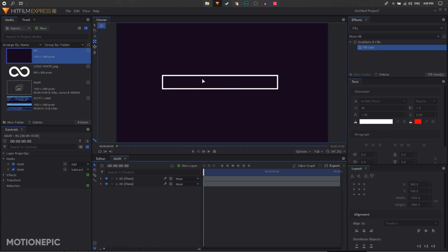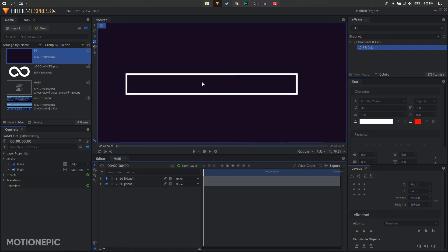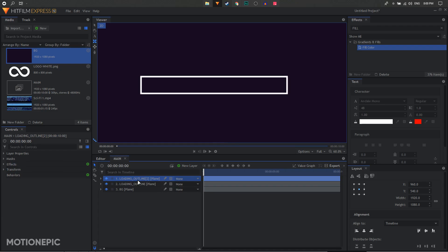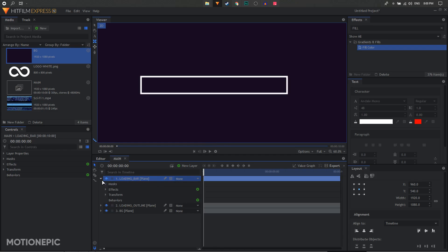You'll end up with something like a loading outline shape. Rename this layer to 'loading outline'. Then duplicate it and rename the duplicate to 'loading bar'. Expand it and delete the second mask.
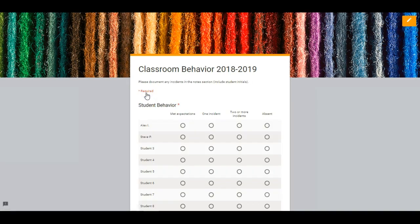And that link that we copied and pasted into a new browser window — that's the link that you will use to access this form daily. So you're either going to bookmark that link onto your browser or you're going to save it to your tablet or your phone. I like to actually email that link to myself and then I can open up my email on our classroom tablet and access the link that way.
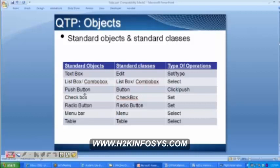A text box belongs to the edit class. A list box or a combo box belongs to the standard class called list box or combo box. A push button belongs to the button class. A check box belongs to the check box class. A radio button belongs to the radio button class, a menu bar to the menu class.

◆ ◆ ◆

§ INSTRUCTIONS TO FOLLOW
Output the line containing "And that link" and each line after it, through the end of the material, exactly as given. No pictures belong in the output.

§ OUTPUT BELOW
And that link that we copied and pasted into a new browser window — that's the link that you will use to access this form daily. So you're either going to bookmark that link onto your browser or you're going to save it to your tablet or your phone. I like to actually email that link to myself and then I can open up my email on our classroom tablet and access the link that way.
A text box belongs to the edit class. A list box or a combo box belongs to the standard class called list box or combo box. A push button belongs to the button class. A check box belongs to the check box class. A radio button belongs to the radio button class, a menu bar to the menu class.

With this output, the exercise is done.